• _Work to complete_: Filter the records below for the word "twitch". Keep each line that has it.

• _Provided information_:
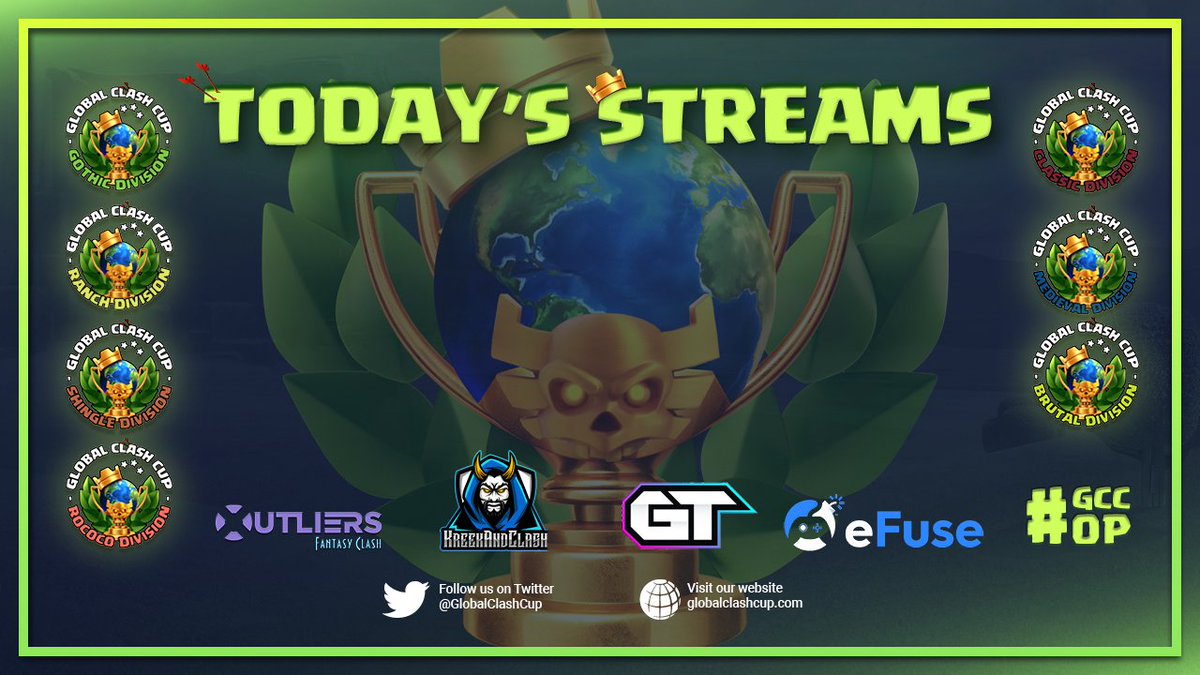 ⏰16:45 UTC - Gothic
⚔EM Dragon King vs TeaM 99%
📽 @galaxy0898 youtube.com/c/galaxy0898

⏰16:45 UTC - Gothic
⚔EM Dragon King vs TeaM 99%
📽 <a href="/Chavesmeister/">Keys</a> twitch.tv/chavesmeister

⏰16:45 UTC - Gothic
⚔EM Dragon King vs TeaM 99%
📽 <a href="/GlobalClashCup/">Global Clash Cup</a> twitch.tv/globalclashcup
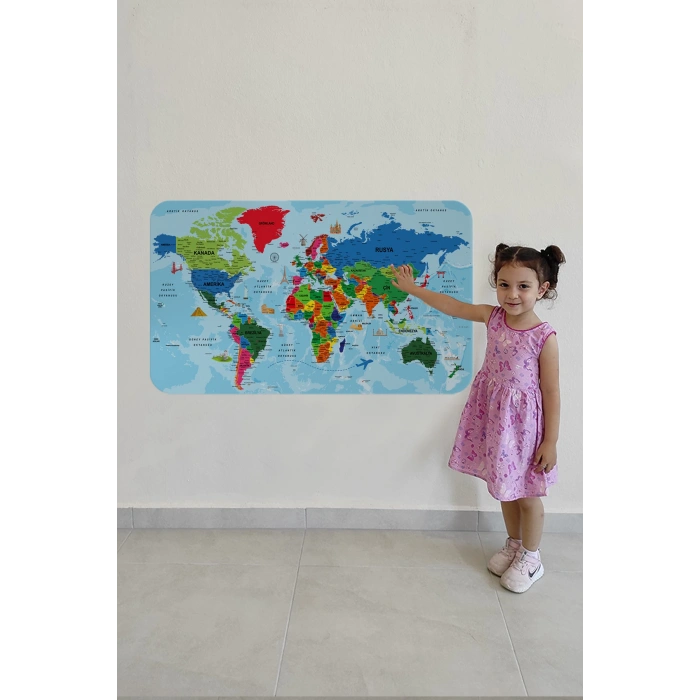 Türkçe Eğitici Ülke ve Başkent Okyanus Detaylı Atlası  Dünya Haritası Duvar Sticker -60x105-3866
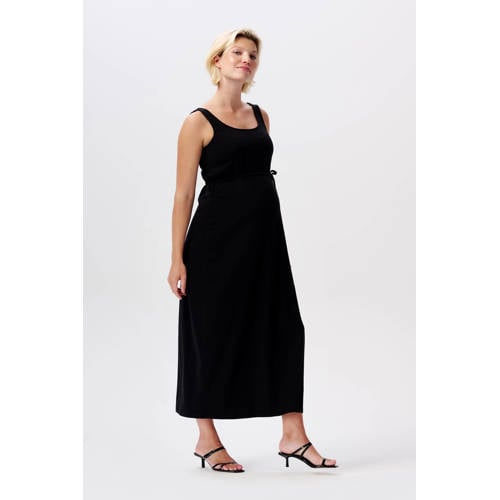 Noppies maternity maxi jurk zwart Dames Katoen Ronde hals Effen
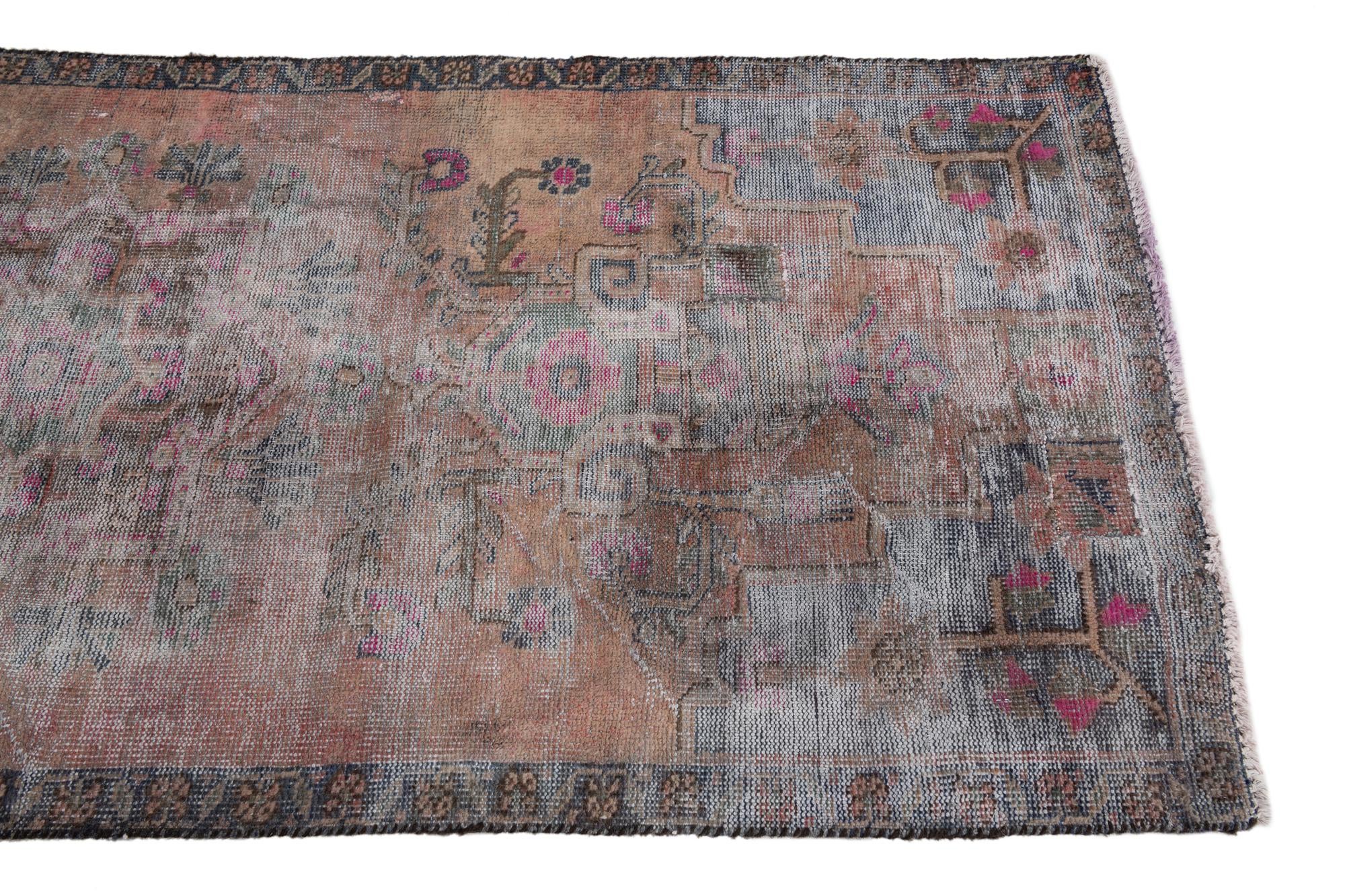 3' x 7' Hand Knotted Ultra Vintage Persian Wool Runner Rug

==

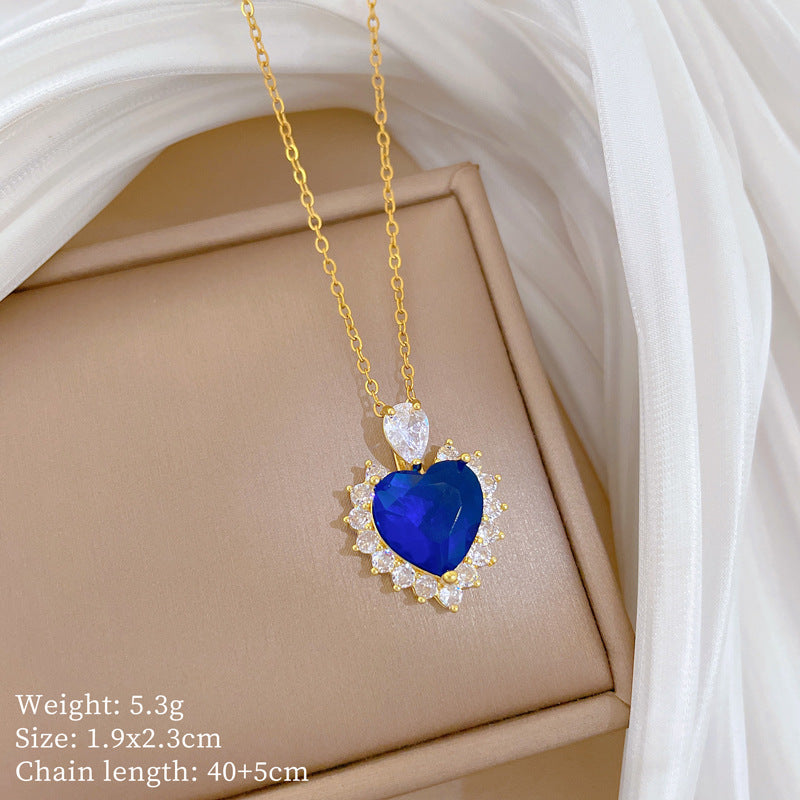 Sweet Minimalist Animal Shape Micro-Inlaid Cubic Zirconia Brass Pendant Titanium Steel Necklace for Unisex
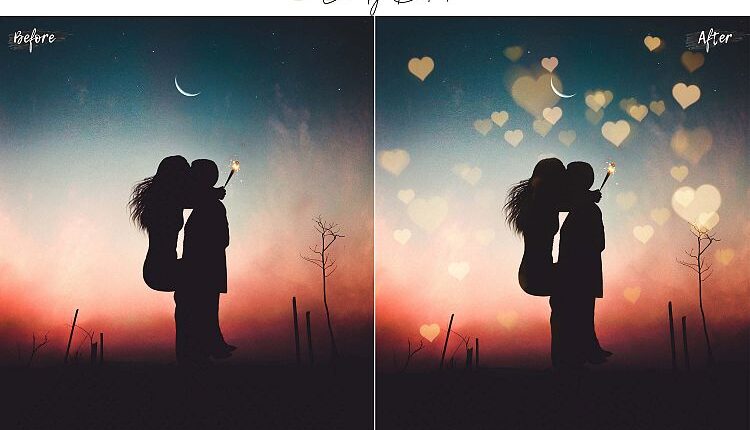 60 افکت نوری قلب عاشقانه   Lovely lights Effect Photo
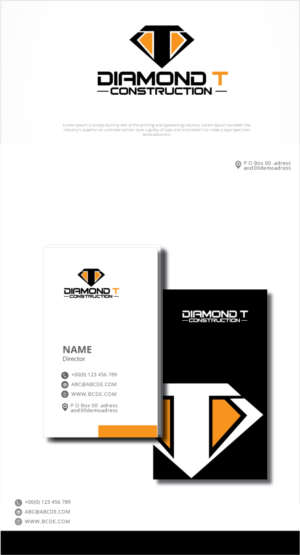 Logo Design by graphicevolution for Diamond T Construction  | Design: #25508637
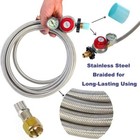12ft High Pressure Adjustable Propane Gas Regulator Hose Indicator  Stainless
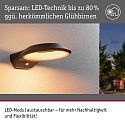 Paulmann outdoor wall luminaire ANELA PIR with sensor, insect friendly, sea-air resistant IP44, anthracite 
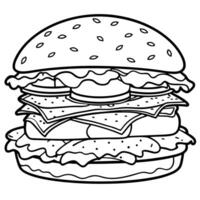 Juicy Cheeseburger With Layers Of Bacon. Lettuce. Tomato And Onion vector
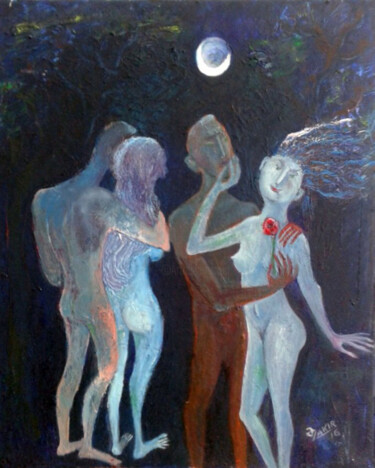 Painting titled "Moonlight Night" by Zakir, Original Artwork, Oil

• _Written answer_:
📽 <a href="/Chavesmeister/">Keys</a> twitch.tv/chavesmeister
📽 <a href="/GlobalClashCup/">Global Clash Cup</a> twitch.tv/globalclashcup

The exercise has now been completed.